If he takes out a certificate he cannot deal with any immovable property without the sanction of the civil court previously obtained; and every alienation made by him without such sanction is absolutely invalid; while an alienation made with such sanction cannot, except under special circumstances, be impeached. On the other hand, a person who does not take out a certificate is absolutely beyond control, and can deal with the minor's property as he pleases.
It can hardly be said that this state of the law is favourable to the interests of the minor. There is nothing to compel a self-constituted administrator to apply to the Court for a certificate; but on the contrary, there is every inducement to him not to do so. Now I think that, in the case of every considerable estate, and especially when it consists of immovable property, it is desirable that every administrator should be obliged to satisfy the Court of his fitness before he meddles with the property."
[Act XX of 1864, section 2; Oct XX of 1864, section 2; Act X of 1877, Chapter XXXI; Act XX of 1864, section 18; ILR 2 Cal 282; ILR 2 Cal 929]
Need felt in Bengal.- Though the suggestion pertained only to the Bombay Act, it was, on an examination of the subject in the Legislative Department, thought that since the Bengal Minors Act, 1858 was drawn on the same lines as the Bombay Act, the improvements suggested in the Bombay Act would be needed in that Act also. It was further pointed out that the European British Minors Act, 1874 had also created several anomalies. For example, its provisions were confined to "European" British subjects, and were inapplicable to Eurasians.
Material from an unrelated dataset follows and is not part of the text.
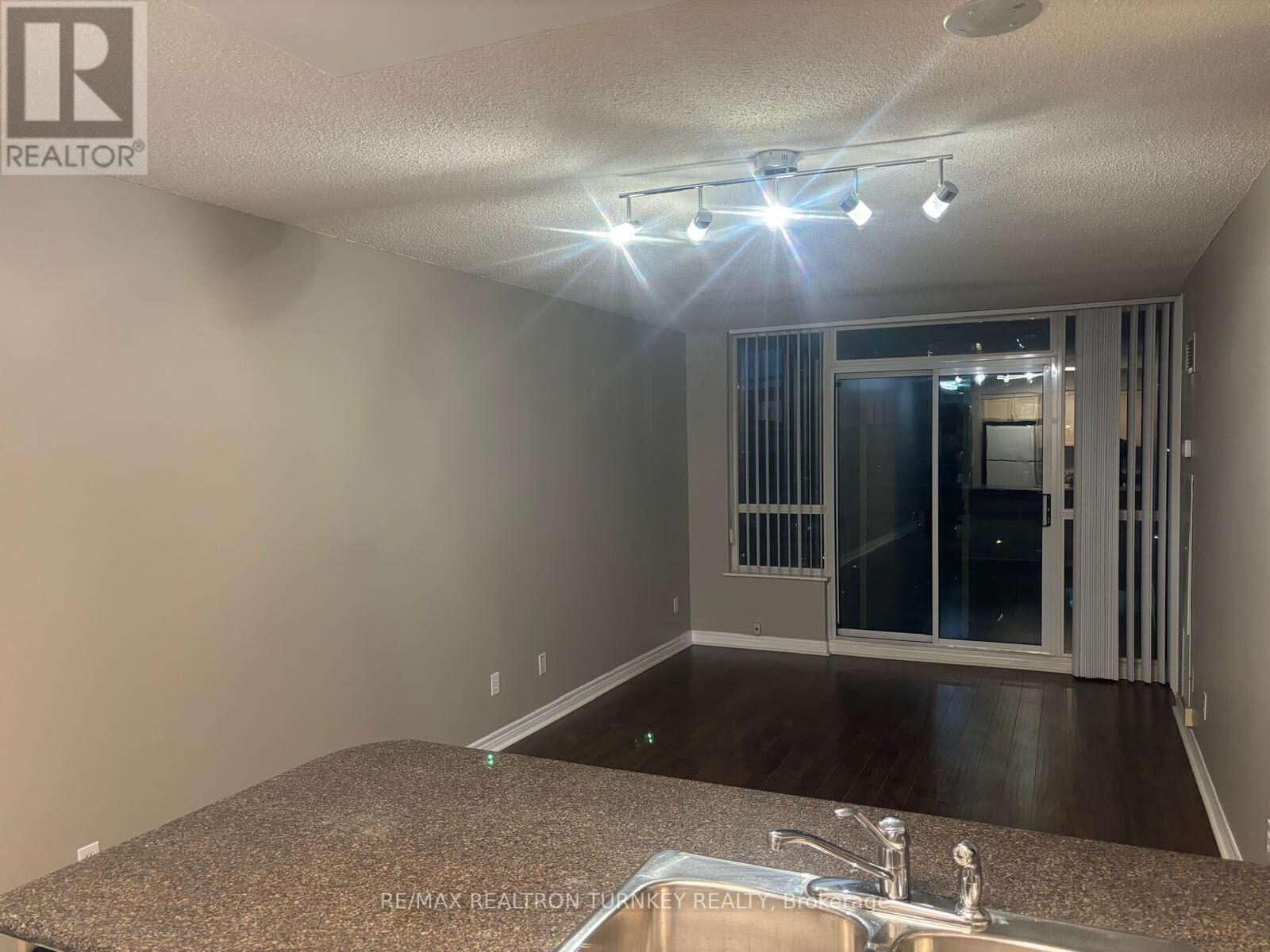 2116 - 18 Parkview Avenue, Toronto, Ontario  M2N 7H7 - Photo 6 - C12438553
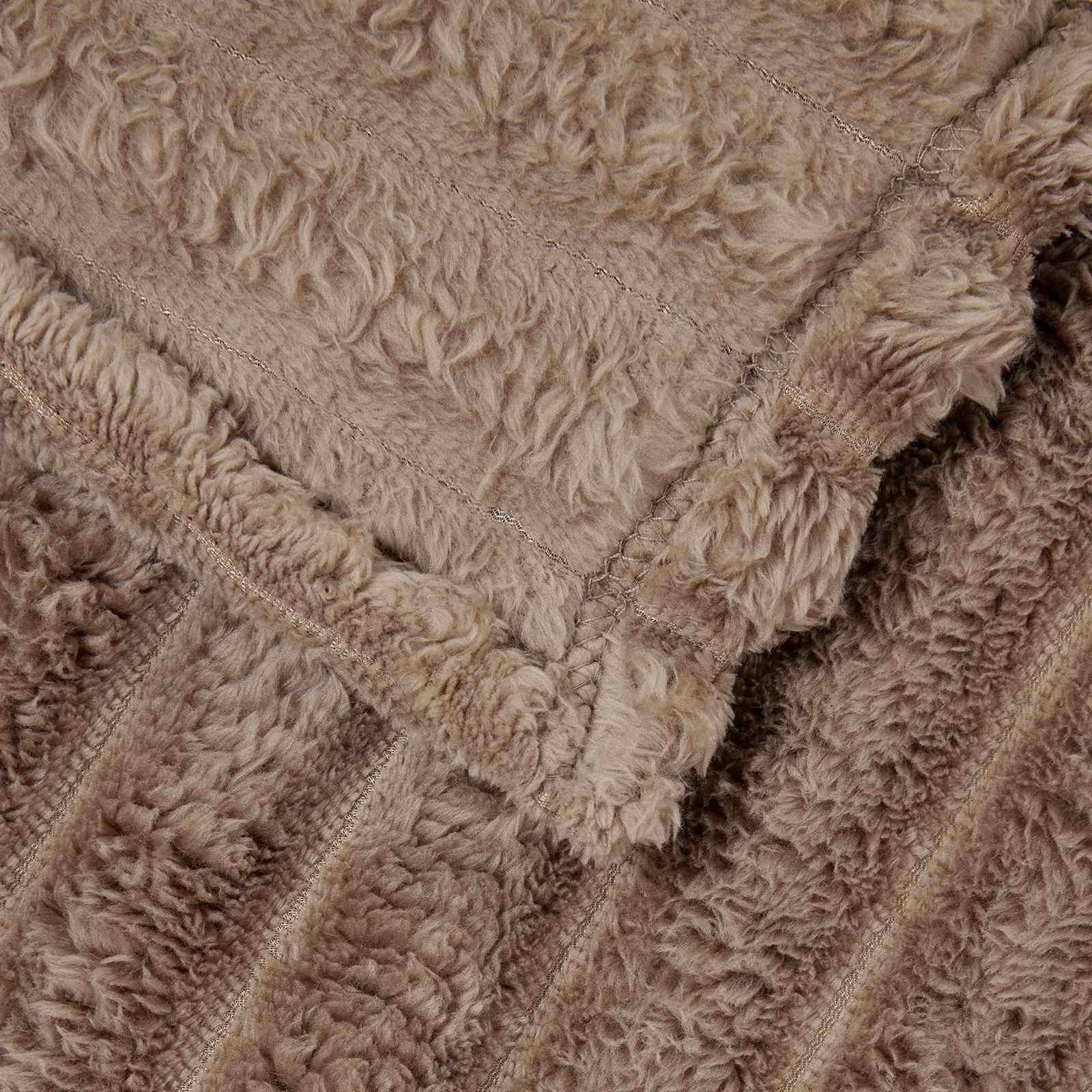 Überwurfdecke Beige 150 x 130 cm Fleece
Position in Madras.- Some problems had arisen in Madras also. The minute of the Chief Justice of Madras2 is of interest in this context-
"Although the Acts XL of 1858 and XX of 1864, which gave rise to the present reference, do not apply to this presidency, and the difficulties arising on construction of these Acts in connection with Chapter XXXI of the Code of Civil Procedure have consequently not been experienced here a review of the law relating to minors obtaining in this presidency will show that it is, as interpreted by the courts, defective in that it leaves certain minors without adequate protection and fails to provide sufficiently for the representation and protection of minors whose property becomes the subject of litigation.
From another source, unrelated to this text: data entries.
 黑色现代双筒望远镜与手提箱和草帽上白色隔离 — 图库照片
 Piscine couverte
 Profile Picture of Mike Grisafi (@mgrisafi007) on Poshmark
Regulation V of 1804 created for this presidency a Court of Wards. By section 3, it was enacted that, where property charged with direct payment of rents or revenue to Government should devolve by inheritance on persons incapacitated by age, & c., from taking charge of the said property on their own behalf, the Collector should transmit to the Court of Wards a report stating the circumstances, and that the Court of Wards should thereupon state the case with their opinion and judgment to the Governor in Council to the end that the decision end orders of the Governor in Council might be passed thereon."
The following is another interesting comment3 dealing with the position in Madras:-
"I think there can be little doubt that the present is a most favourable opportunity for dealing with the question of the care of the persons and property of minors in India1. The flaws and defects pointed out by the Bombay High Court in Act XX of 1864 exist in a great measure in Act XL of 1858, and probably they are also to be found in Madras Regulation V of 1804. The advantages of effecting a general improvement in all these laws by passing one general consolidated Act applicable to the whole of India are so self-evident as not to need much discussion.
The principle of codification has been adopted by the Government of India, and is being carried out. The present proposal is one step more in the same direction. Thus the passing of one general Act will not only be in accordance with this principle, but it will enable the Legislature to remedy the defects that are now found to exist. The Bengal Act was passed a quarter of a century ago. It was inevitable that defects and omissions should come to the light in this interval. These require to be remedied, and the rulings passed in this time by the High Courts require to be engrafted in the positive enactment.
I am therefore of opinion that a sufficient case has been made out to warrant the matter being taken in hand for the purposes of further legislation. It may be pointed out that there are at present the Majority Act, Act IX of 1861, the Court of Wards Act and others, all relating to the different branches of the same subject. If the law is to be codified, all these Acts might be taken up, and one general Act passed on the subject applicable to the whole Empire, thus forming an additional chapter to the Indian Statutes Book on the Law of Guardian and Ward."
Comprehensive law considered desirable.- In view of this position, it was suggested4 that it may be considered generally whether the best plan would not be to consolidate and amend the law relating to minors for all India. There were defects in Act 40 of 1858, and it might be useful to invite all Local Governments to report what amendments if any, were required in the law prevailing in each province.
Request for all India Bill.- Because of the difficulties felt, the Legislative Department was requested to be good enough to prepare and introduce into the Council of the Governor General for making Laws and Regulations a Bill prepared on the line suggested), applicable to all classes, extending to the whole of British India, embodying such of the provisions of Act 40 to 1858, and Act 13 of 1874, as were suitable and repealing the Acts and Regulations which related to the appointment of guardians by the civil courts.
It would be for the Legislative Department to consider what further detailed provisions may usefully be inserted in the Bill, in order that the proposed measure may be made as complete and comprehensive as possible. A second Bill might be necessary in order to make the amendments required in Chapter 31 of the Code of Civil Procedure then in force.5
On the whole, therefore, it was considered proper to propose a comprehensive and self-contained law that would apply to the whole of British India.
Bill and comments thereon.- A draft Bill prepared by the Legislative Department was, under the authority of a Government Resolution, circulated for comments to local governments, judges, the bar and the public.
It was in this background that the Bill was introduced6 in 1886 in the Council of the Governor General.
1. National Archives, File relating to Act 8 of 1890, p. 6 (Notes).
2. Minute of Chief Justice of Madras, National Archives, File relating to Act 8 of 1890, pp. 37, 38 etc. (correspondence).
3. National Archives. File relating to Act 8 of 1890, p. 124 (correspondence).
4. National Archives, File relating to Act 8 of 1890, pp. 7-8 (notes).
5. National Archives, File relating to Act 8 of 1890, p. 3 (correspondence).
6. Statement of Objects and Reasons, Gazette of India, (Jan-June 1886), p. 76.